A long long time ago, in a galaxy country far away, a young student was doing his final group presentation. They’d built a multiplayer fighting game that would run on the Nintendo DS (it was a long time ago) and web/desktop using Flash (long long time ago!). On one of the presentation slide, they mentioned that they’d used an XML database to store games data, which one of the judge took interest in. That student was quick on his feet, so he replied that it was super convenient because you could just query data, get pre-formatted XML back and send it directly to the clients. That was me, I was that student and it was complete bullshit. We’d given up on using an XML database a long time ago and decided to go back to MySQL, I’d just forgotten to update the schema in our slides. This blogpost has nothing to do with XML, but I’ve used Postgres to store JSON data recently, and it made me think about this story. Anyway, let’s dig in.

Context

Why would you store json data into a table? Good question! In my situation, I wanted to store (and query) additional data in a table’s column. The complicated alternative would have been to either add a bunch of nullable columns, or multiple tables with 1-1 relationships. It’s hard to come up with examples when JSON felt like the perfect solution here, but the main idea was being able to store and query evolving data without having to run migrations on the schema every time.

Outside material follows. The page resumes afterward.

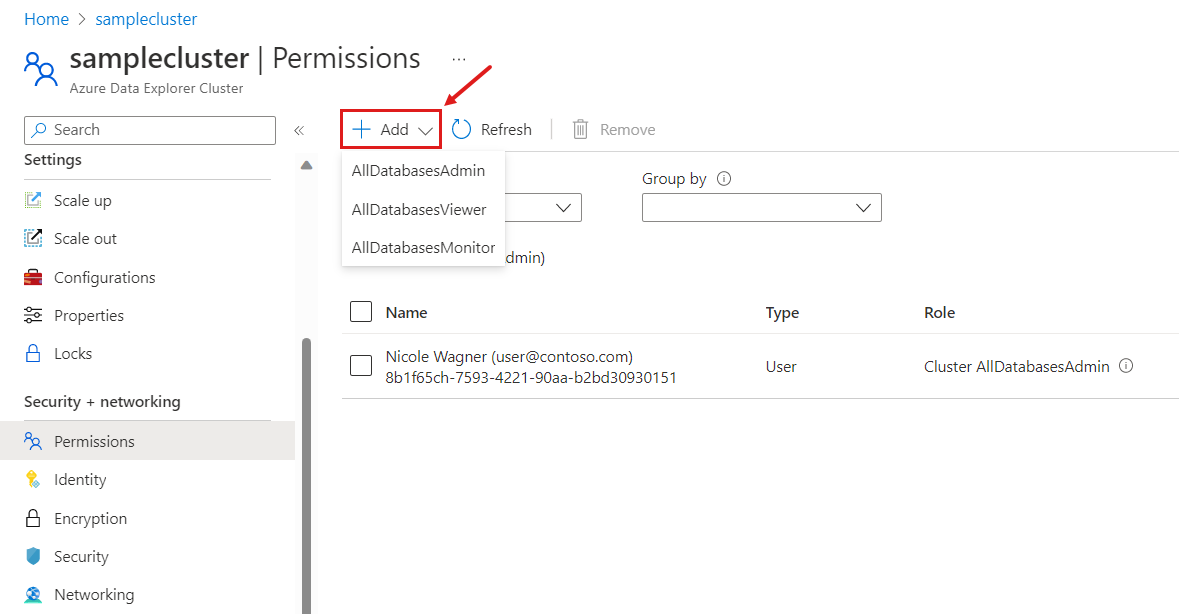 Képernyőkép az engedélyek hozzáadására szolgáló vezérlő hozzáadásáról.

Storing Webhook Events in a Postgres table

I’ve been trying to come up with a simple example, because I don’t want to reuse what I’ve been working on for obvious secret reasons, so picture this:

  • You’re working on a developer tool that integrates with GitHub, where something happens every time someone push new changes to a repository
  • You already log every webhook event but you want to display them somewhere in a UI, as part of a tool for your customers support team
  • As a result, you decide to store them in a database and provide simple ways to look for specific webhook events based on the content of the request sent to your server. This is completely hypothetical of course, but as someone who did developer support for years, this kind of tool made our lives so much easier.

Let’s start by creating a simple table with an auto-incremented identifier and the content of the request, then import a few events’ payload into the freshly created table.

CREATE TABLE webhook_events (
    // Some other fields like an identifier, creation dates...
    payload json NOT NULL
);

The content of the payloads doesn’t matter, but you can find some example on GitHub’s documentation. In my case, because of another side project, I had a bunch of workflow_run events available.

A JSON column is presented like any others in Postico, but you’re able to pretty-print and check syntax
A JSON column is presented like any others in Postico, but you’re able to pretty-print and check syntax

Now, let’s say I want to find a webhook event for a specific repository, I can do:

SELECT * 
	FROM webhook_events 
	WHERE payload->'repository'->>'full_name' = 'Palleas/Agamotto'

Here -> extracts the content of a json’s column based on a key while ->> extracts content as text. Postgresql supports more operators, but this is all I need here so I haven’t looked into it yet.

It looks like Postgres doesn’t care if you ask for completely keys that do not exist. For example this query simply yields no results:

SELECT * FROM webhook_events WHERE payload->'blup'->>'bloop' = 'Palleas/Agamotto';

… and you can cast the content of a field to use it. For example, instead of comparing the content of a column with the ’true’ string, it’s possible to cast it first to real boolean, like so:

SELECT * FROM webhook_events WHERE (payload->'repository'->>'allow_forking')::boolean = true

Once More, With Exposed

I’ve mentioned that I really enjoyed working with Ktor so many times already that I’m considering tagging my posts to make it easier to find them all. While I’m not the biggest fan of most ORM, I’ve found that Exposed makes it really easy to interact with PostgreSQL. Let’s recreate our example, using Kotlin and Exposed.

// Create the Table
object WebhookEvents: UUIDTable() {
    val payload = json<WebhookPayload>("payload", Json.Default)
}

You can then query the content of this table using the extract function, like so:

val repoIdentifiers = newSuspendedTransaction {
    WebhookEvents
        .selectAll()
        .where { WebhookEvents.payload.extract<String>("repository", "full_name") eq "Palleas/Agamotto" }
        .map { it[WebhookEvents.payload].repository.id }
}

Probable Caveats

There are a few things to consider before storing JSON data and a lot more than I haven’t thought about yet I’m sure:

  • It’s probably very easy to shoot yourself in the foot with minor changes like formatting the JSON differently (going from snake case to camel case for the keys, for example)
  • Postgres doesn’t enforce any schema by default and doesn’t care if you’re trying to query keys that do not exist (as I mentioned earlier). This makes me a little nervous, as someone who likes to know he can trust the database’s schema, but that’s where a good testing coverage helps. Note that I’ve seen ways to add schema validation, but I haven’t looked into it yet.
  • I’m not sure how (or even if) indexes work with a JSON columns, so that’s something I’m planning to look into next.

PostgreSQL is cool and I love learning new ways to use it.